The other maple I purchased was “Mikawa Yatsabusa.” And because I have a hard time resisting camellias, especially red ones, one called “Red Fellow” followed me home.
I enjoyed the Mr. Maple lecture that I went to hear. I am sure there are some within the plant society that were offended that I only went to one lecture. But that was the one I wanted to hear not everything else was geared towards my interests in the garden.
These groups are tremendous fun to participate in a garden tour with, but sometimes in scenarios like this I go for some of it and then I go home. I am not someone who takes tons of horticulture classes. I am not a Penn State Master Gardener. I’m not in a garden club. I am just a home gardener and to some who are very serious about this I might as well be literally speaking a language they do not understand.

I took care of my garden. I study what I need to study and I try to keep it a little bit real because I think gardening should be accessible to everyone who wants to try. Now it’s for reasons like this that there are people within my own gardening group that don’t understand me because it really bothers me when someone just joins the group to find a landscaper. I want people to try and want people to get their hands in the dirt and learn what it feels to have that satisfaction of doing something themselves and creating something pretty.
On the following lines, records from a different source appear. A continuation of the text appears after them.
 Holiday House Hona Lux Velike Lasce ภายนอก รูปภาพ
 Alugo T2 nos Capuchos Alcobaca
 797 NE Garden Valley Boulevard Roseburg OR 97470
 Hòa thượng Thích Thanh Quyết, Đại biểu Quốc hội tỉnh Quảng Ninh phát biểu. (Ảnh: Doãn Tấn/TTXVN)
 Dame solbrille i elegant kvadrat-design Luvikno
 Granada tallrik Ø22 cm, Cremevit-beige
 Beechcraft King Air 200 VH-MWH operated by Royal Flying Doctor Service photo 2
And what people from garden clubs and even organizations like Penn State Master Gardeners don’t seem to understand is that a lot of their membership give off the feeling of elitism that keeps ordinary people away. And while they all watch the same gardening programs like Monty Don’s Gardeners’s World like the rest of us, they don’t get is why he’s so appealing. He is inclusive. If you don’t know the Latin term for a plant, he repeats the English common name. He literally shows you there’s something for everyone.
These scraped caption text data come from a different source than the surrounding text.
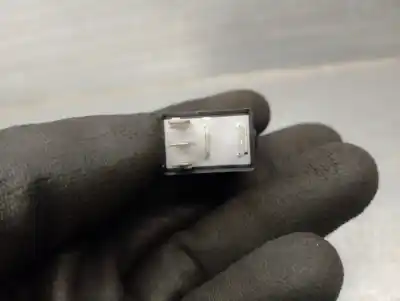 Автозапчасти б/у реле за audi q3 (8ug) 2.0 16v tdi ссылки oem iam 4h0951253c  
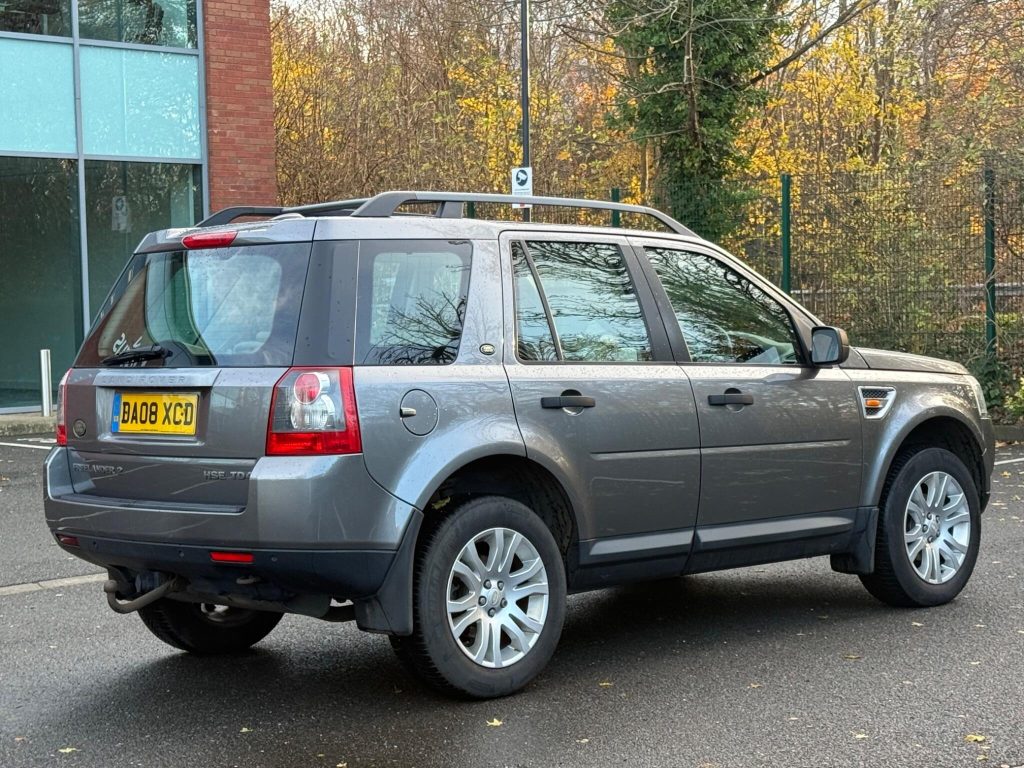 Land Rover Freelander 2 2.2 TD4 HSE Auto 4WD Euro 4 5dr — photo 9 of 62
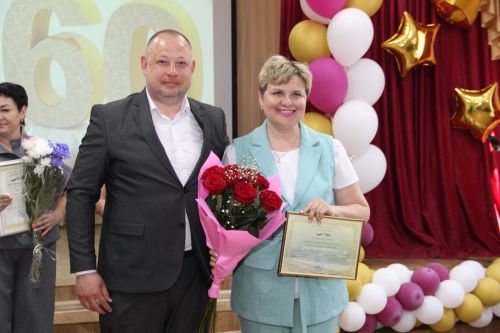 14нче лицейга 60 яшь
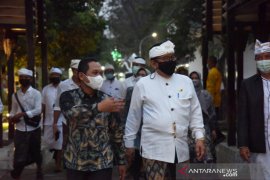 Wagub Bali kunjungi Bupati Lumajang jelang upacara "Piodalan" di Pura Mandara Giri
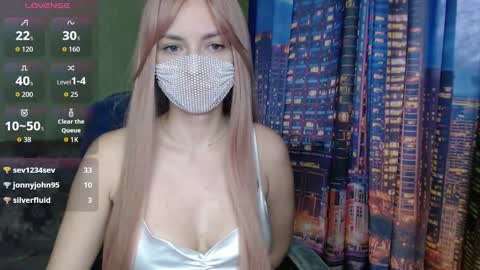 Sophie online show from March 3, 12:55 pm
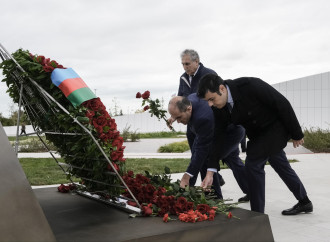 Əmək və Əhalinin Sosial Müdafiəsi Nazirliyi Anım Günündə Zəfər parkını ziyarət edib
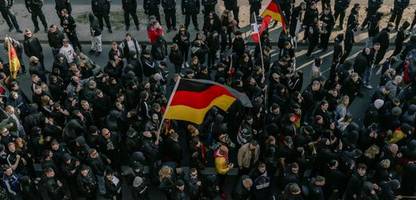 Rechtsextremismus: 714 offene Haftbefehle gegen Neonazis in Deutschland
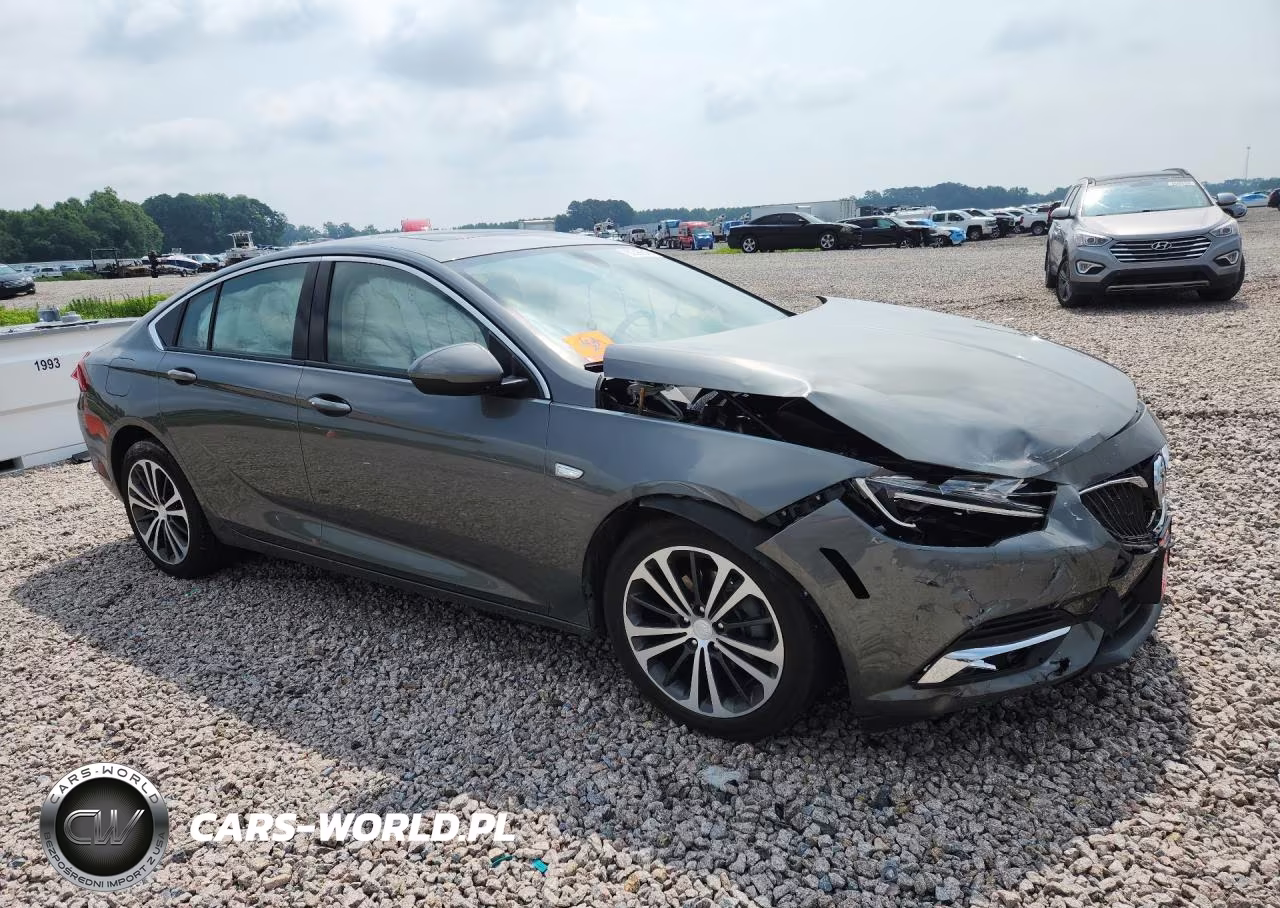 2018 Buick Regal Essence VIN:W04GP6SX8J1079656 - 4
You don’t get that with all the organizations and groups. That’s why I no longer belong to a more local rose society or even the hosta society or a garden club. A particular rose society a bunch of years ago invited me to speak. I was very excited. I had everything planned and when I circled back to find out like what equipment they had and what not I was told “Oh somebody else is speaking you understand.” And actually, no I didn’t understand because they hadn’t given me the courtesy of saying they were canceling me.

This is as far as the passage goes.